이 글은 골든래빗 코딩 테스트 합격자 되기 파이썬 편의 10장 써머리입니다

집합과 상호배타적 집합의 개념

집합은 순서와 중복이 없는 원소들을 갖는 자료구조, Python에서는 간단하게 set()을 활용할 수 있다. 상호배타적 집합은 서로 다른 두 집합 사이에 공통 원소가 없는 경우를 말함

코딩 테스트에서 상호배타적 집합을 활용하는 가장 큰 이유는 그래프 알고리즘 중 사이클을 판별하기 위해서 활용. 그 외에는 아래와 같은 응용 사례들이 존재한다

이미지 분할
도로 네트워크 구성
최소 신장 트리 알고리즘 구현
게임 개발
클러스터링 작업

집합의 연산

집합의 표현은 앞서 배운 트리의 배열 표현과 거의 유사하게 구현할 수 있고, 대표적인 연산은 합치기와 탐색 (Union-Find)가 있음. 배열의 인덱스는 자기 자신, 그리고 그 인덱스에 해당하는 값은 부모 노드를 의미하고 만약 인덱스와 인덱스에 해당하는 부모 노드 값이 같다면 그것은 루트 노드를 의미한다. 보통 초기화 시 부모 노드는 자기 자신으로 설정하고 알고리즘이 진행되면서 채워지게 됨

# 인덱스와 인덱스에 해당하는 값이 같은 값을 가지도록 초기화
num_of_nodes = 5
disjoint_set = [x for x in range(num_of_nodes)]

유니온-파인드 알고리즘

파인드 연산은 특정 노드의 루트 노드가 무엇인지 탐색하는 방법이고, 만약 두 노드의 파인드 연산 결과가 같다면 동일한 루트 노드를 가진다는 의미로 볼 수 있다. 즉, 반대로 생각하면 사이클이 형성되는 지 여부도 파인드 연산의 결과 비교를 통해서 가능함

disjoint_set = [x for x in range(num_of_nodes)]
def find(node: int) -> int:
    if disjoint_set[node] != node:
        # 아래 호출을 통해서 경로 압축이 발생
        disjoint_set[node] = find(disjoint_set[node])
    return disjoint_set[node]

합치기 연산은 두 집합을 하나로 합치는 연산이고, 다시 말하면 두 집합의 루트 노드를 같게 하는 것. 루트 노드는 두 집합의 루트 노드 중 하나가 되면 되지만, 보통 rank 개념을 도입해서 처리를 한다. 아이디어는 rank가 낮은 집합의 루트 노드의 부모 노드를 rank가 큰 집합의 루트 노드로 변경. 만약 rank가 같다면 둘 중 하나를 root 노드로 갱신하고 rank 값도 1 증가

disjoint_set = [x for x in range(num_of_nodes)]
rank = [0] * num_of_nodes
def union(node1: int, node2: int) -> None:
    root_of_node1 = find(node1)
    root_of_node2 = find(node2)

    if rank[root_of_node1] < rank[root_of_node2]:
        disjoint_set[root_of_node1] = root_of_node2
    elif rank[root_of_node1] > rank[root_of_node2]:
        disjoint_set[root_of_node2] = root_of_node1
    else:
        disjoint_set[root_of_node2] = root_of_node1
        rank[root_of_node1] += 1

몸풀기 문제

간단한 유니온-파인드 알고리즘 구현하기

from typing import List, Union


def solution(k: int, operations: List[List[Union[int, str]]]) -> int:
    disjoint_set = [x for x in range(k)]

    def _union(node_index1: int, node_index2: int) -> None:
        root_index1 = _find(node_index1)
        root_index2 = _find(node_index2)

        if root_index1 < root_index2:
            disjoint_set[node_index2] = root_index1
        else:
            disjoint_set[node_index1] = root_index2

    def _find(node_index: int) -> int:
        if node_index == disjoint_set[node_index]:
            return node_index

        return _find(disjoint_set[node_index])

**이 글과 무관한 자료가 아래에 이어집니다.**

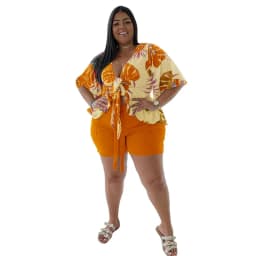 Smstar Plus Size Two Piece Set Women Summer Flowers Print Crop Top Short Sets Beach Style Matching Set Wholesale Drop Shipping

    for operation in operations:
        if operation[0] == "u":
            _union(operation[1], operation[2])
        else:
            _find(operation[1])

    answer = 0
    for index, value in enumerate(disjoint_set):
        if index == value:
            answer += 1
    return answer


assert solution(3, [["u", 0, 1], ["u", 1, 2], ["f", 2]]) == 1
assert solution(4, [["u", 0, 1], ["u", 2, 3], ["f", 0]]) == 2

모의 테스트

폰켓몬

문제의 조건을 잘 이해해야 하는 문제.
우선 우리가 최대로 가질 수 있는 폰켓몬 수는 len(nums) // 2 이다
운이 좋다면 저 개수만큼 모두 서로 다른 종류일 수 있지만,
그렇지 않을 수 있으므로 서로 다른 폰켓몬 수를 계산한다 len(set(nums))
정답은 두 값 중 작은 값이 정답이 된다

from typing import List


def solution(nums: List[int]) -> int:
    possible_num_of_choices = len(nums) // 2
    return min(len(set(nums)), possible_num_of_choices)

영어 끝말잇기

마찬가지로 구현 문제에 가깝고, set 자료구조를 통해서 이미 사용된 단어인지 확인을 위해서 이번 챕터에 들어온 것으로 보인다
문제 요구사항대로 이전 단어의 마지막 단어가 현재 단어의 첫 단어와 맞지 않거나, 이미 사용된 단어를 쓰는 경우
index와 n 입력값을 통해 현재 몇 번째 라운드에서 몇 번째 참가자가 오답을 냈는지 쉽게 계산할 수 있다
그 외의 경우 기본 값인 [0, 0]을 반환하면 되는 문제

from itertools import islice
from typing import List


def solution(n: int, words: List[str]) -> List[int]:
    answer = [0, 0]
    used_words = {words[0]}
    previous_word = words[0]

    for index, word in islice(enumerate(words), 1, None):
        if previous_word[-1] != word[0] or word in used_words:
            return [index % n + 1, index // n + 1]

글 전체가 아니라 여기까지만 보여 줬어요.